What is volume?
Volume is the number of contracts traded during a specific time frame - an hour, day, week, year. For financial instruments that are traded in lots, volume is reported to reflect that fact.
Why is volume important?
On its own, volume cannot be used as a technical guide. Volume, however, is very important because of the clues it provides about price movements.
Patterns should never be relied upon exclusively as indicators of the market. Combining a pattern with information about volume, however, a technical analyst can gain insight into both, the pattern and happenings in the market. Volume is an important element in assessing the intensity of price movements.
Investors saying, "price follows volume" is not quite complete. In fact, the measurements of price and volume are coupled in the technical analyst's tool kit. The saying should be amended: "price follows volume and volume follows price."
Watching volume is useful in gauging the level of commitment of buyers and sellers. Volume is an indicator of the health of a trend. A healthy uptrend should have higher volume on its upward legs; lower volume on its downward (corrective) legs. Similarly, a healthy downtrend usually has higher volume on its downward legs and lower volume on its upward (corrective) legs. This information, in turn, can be used by investors to position themselves for a possible trend reversal.
What does low volume mean?
Low volume is often an indicator of indecisive expectations about the price of a financial instrument. These indecisive times are characteristic of a consolidation period in which prices are moving sideways. If a primary trend is moving down, volume should decrease once the price begins to rise.
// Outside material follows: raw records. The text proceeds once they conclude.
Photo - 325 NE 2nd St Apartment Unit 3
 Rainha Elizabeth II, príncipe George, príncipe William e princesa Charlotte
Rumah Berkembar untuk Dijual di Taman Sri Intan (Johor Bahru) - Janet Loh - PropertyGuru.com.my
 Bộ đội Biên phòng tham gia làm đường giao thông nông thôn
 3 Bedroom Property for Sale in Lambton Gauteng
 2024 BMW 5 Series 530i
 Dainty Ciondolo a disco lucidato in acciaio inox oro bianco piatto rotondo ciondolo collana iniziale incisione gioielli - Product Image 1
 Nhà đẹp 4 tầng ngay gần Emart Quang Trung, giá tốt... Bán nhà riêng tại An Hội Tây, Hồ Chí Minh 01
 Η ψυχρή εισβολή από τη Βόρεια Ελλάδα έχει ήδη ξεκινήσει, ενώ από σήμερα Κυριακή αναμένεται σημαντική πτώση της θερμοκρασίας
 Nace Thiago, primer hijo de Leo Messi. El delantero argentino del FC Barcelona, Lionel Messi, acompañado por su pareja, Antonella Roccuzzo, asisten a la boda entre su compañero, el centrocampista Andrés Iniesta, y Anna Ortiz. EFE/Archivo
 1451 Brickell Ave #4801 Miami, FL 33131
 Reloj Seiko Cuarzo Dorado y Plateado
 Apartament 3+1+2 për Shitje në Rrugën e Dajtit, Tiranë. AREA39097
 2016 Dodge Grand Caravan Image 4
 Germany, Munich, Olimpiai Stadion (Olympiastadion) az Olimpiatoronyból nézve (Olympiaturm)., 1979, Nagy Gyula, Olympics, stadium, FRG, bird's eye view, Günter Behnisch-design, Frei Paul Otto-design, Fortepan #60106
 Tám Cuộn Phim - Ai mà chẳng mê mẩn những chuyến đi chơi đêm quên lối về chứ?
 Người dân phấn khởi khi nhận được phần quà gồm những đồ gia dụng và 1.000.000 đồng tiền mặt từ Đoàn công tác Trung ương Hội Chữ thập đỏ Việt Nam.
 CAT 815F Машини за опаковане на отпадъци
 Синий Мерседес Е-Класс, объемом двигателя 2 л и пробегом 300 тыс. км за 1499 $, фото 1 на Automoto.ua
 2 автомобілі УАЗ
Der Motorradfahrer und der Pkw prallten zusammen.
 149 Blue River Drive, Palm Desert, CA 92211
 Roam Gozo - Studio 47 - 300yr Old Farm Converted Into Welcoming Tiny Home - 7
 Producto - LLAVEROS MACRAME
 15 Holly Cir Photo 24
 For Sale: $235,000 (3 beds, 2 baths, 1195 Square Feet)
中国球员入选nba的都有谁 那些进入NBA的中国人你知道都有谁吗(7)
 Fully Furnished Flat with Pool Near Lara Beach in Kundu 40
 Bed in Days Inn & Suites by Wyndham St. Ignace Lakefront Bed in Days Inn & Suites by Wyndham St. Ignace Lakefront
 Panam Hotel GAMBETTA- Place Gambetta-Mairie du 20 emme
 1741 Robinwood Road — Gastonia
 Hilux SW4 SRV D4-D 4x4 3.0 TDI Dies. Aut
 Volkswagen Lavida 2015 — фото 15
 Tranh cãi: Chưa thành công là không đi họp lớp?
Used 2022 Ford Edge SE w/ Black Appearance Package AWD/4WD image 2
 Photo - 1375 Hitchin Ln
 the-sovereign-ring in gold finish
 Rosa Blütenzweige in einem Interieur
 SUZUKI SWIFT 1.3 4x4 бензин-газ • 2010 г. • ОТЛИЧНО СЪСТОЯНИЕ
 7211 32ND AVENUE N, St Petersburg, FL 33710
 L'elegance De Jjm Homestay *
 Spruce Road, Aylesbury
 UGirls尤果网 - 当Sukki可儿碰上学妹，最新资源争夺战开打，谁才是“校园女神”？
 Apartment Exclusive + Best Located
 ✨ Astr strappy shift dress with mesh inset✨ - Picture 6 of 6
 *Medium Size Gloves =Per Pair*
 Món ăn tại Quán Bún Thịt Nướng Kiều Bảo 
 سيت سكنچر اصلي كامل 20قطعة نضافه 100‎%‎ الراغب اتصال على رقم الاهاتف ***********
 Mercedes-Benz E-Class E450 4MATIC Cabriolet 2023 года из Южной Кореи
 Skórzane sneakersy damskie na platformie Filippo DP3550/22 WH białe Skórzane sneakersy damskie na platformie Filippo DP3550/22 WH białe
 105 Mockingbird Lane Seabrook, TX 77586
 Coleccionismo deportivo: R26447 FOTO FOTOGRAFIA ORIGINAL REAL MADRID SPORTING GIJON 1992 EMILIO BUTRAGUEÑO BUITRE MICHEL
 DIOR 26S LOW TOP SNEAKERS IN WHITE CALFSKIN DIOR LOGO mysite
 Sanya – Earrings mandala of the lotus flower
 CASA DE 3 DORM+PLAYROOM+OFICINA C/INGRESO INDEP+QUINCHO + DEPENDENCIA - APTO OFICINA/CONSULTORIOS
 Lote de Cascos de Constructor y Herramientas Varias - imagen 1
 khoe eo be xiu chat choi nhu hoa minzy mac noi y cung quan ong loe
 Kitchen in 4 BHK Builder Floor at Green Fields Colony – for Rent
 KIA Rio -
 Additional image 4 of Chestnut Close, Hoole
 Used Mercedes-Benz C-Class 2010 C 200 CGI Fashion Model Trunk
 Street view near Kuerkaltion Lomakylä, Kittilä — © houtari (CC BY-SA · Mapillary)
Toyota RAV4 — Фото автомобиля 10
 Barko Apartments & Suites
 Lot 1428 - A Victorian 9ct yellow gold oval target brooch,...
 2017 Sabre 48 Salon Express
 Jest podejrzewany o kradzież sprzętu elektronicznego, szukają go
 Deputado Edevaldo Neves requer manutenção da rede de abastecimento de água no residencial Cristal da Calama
If the trend is moving up, volume should decrease once the price starts to decrease.
What does high volume mean?
High volume often occurs when the market has “topped” and there is strong agreement that prices will continue moving upwards. High volume levels are also very common at the beginning of new trends. This would occur when prices break out of a trading range. In addition, when the market hits bottom, volume tends to increase, fuelled by panic selling.